Indeed, for every ten million travelers who go through airports in the
US, only one is likely to be a terrorist. Yet security takes no chance
and searches all the ten million. This is different from road security;
we do not have screening machines on any highway in America because the
margin of error is big.
In
Rwanda’s case, it cannot afford a mistake of ignoring a simmering
security threat at its border. This is especially so given the
experience it went through in 1994 when one million people were
massacred in 100 days. Some people argue that Kigali has used the
genocide to justify its involvement in Congo and that this is a tired
cliché. There is a point there. But that does not reduce the legitimacy
of the paranoia that Kigali suffers. Put yourself in Kigali’s shoes: the
murderers and their recruits are a few kilometers from your border;
armed, trained and belligerent, promising to return to finish the job.
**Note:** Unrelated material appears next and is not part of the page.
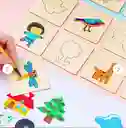 Plantilla De Madera Educativa Montessori Dibujo Para Niños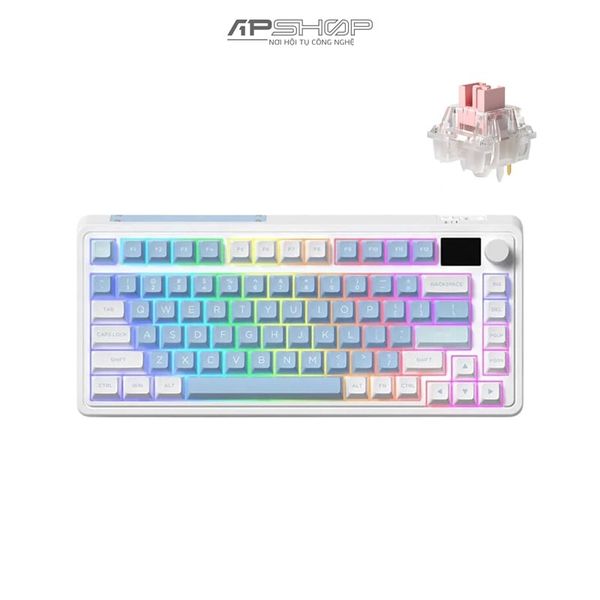 Bàn phím FL Esport CMK75SAM Lake Placid Blue RGB Hotswap | 3 Mod | Chính hãng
Assume even a 10 percent chance they can implement their threat. What do
you do? The price of any mistake on such an issue can be catastrophic.
So you have to be paranoid, especially so when you are an ethnic
minority.
There is
another concept in military science called “strategic depth.” This
refers to the distance from a given threat (a front line, a battle
ground etc) to the core i.e. the heart and nerve centre of a nation.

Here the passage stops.